Procurement reform: A learning curve

The General Accounting Office's recent decision to uphold a protest against certain awards under the Transportation Department's $1.3 billion Information Technology Omnibus Procurement reminds us that procurement reform requires more than just new laws.

The decision which concluded that some task orders were outside of the scope of the contract is part of the natural learning process that occurs after instituting revolutionary change. As former Office of Federal Procurement Policy head Steven Kelman reminds us in this week's column procurement reform is a work in progress. Ongoing adjustments and re-evaluations will be necessary.

While the GAO decision reminds agencies administering large governmentwide contracts that limits do exist it also serves as a reminder to agency heads that retraining and re-educating the work force remains an essential part of true procurement reform.
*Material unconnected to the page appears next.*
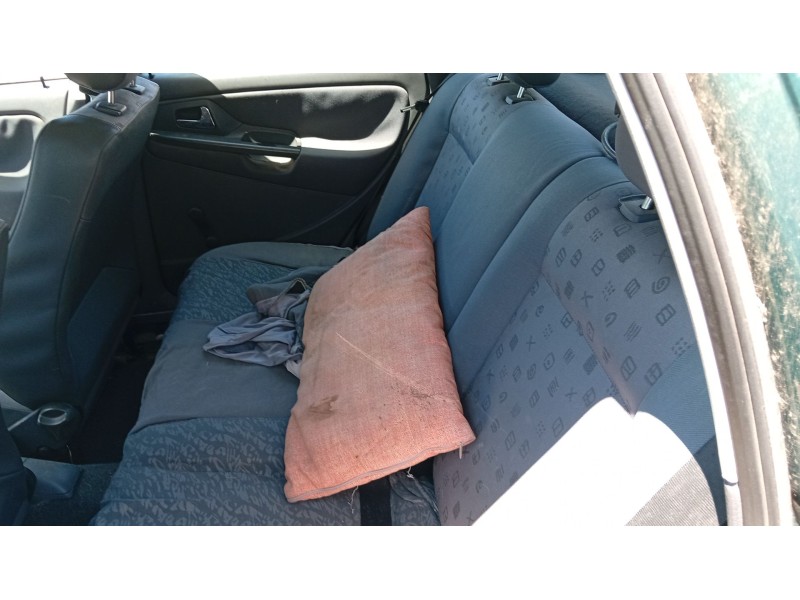seat ibiza ii (6k1) del año 2001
Just as federal IT workers need to keep up with the rapidly accelerating pace of change in technology federal procurement professionals need to familiarize themselves with the new freedoms provided by procurement reform.

How do you effectively administer and what are the advantages of a wide-ranging GWAC? What are the pitfalls of a governmentwide blanket purchase agreement? To what extent can I direct all my IT needs to this one vehicle? Against a backdrop of buyouts downsizing initiatives and industrywide shortages of high-tech workers the federal IT work force needs to be retooled to meet the challenges of the day.

While agencies continue to hunt for solutions to the Year 2000 fix funding conundrum it is essential that they try to squirrel away a percentage of the IT budget for training. Once all parties are on board only then can we reap the full benefits of procurement reform.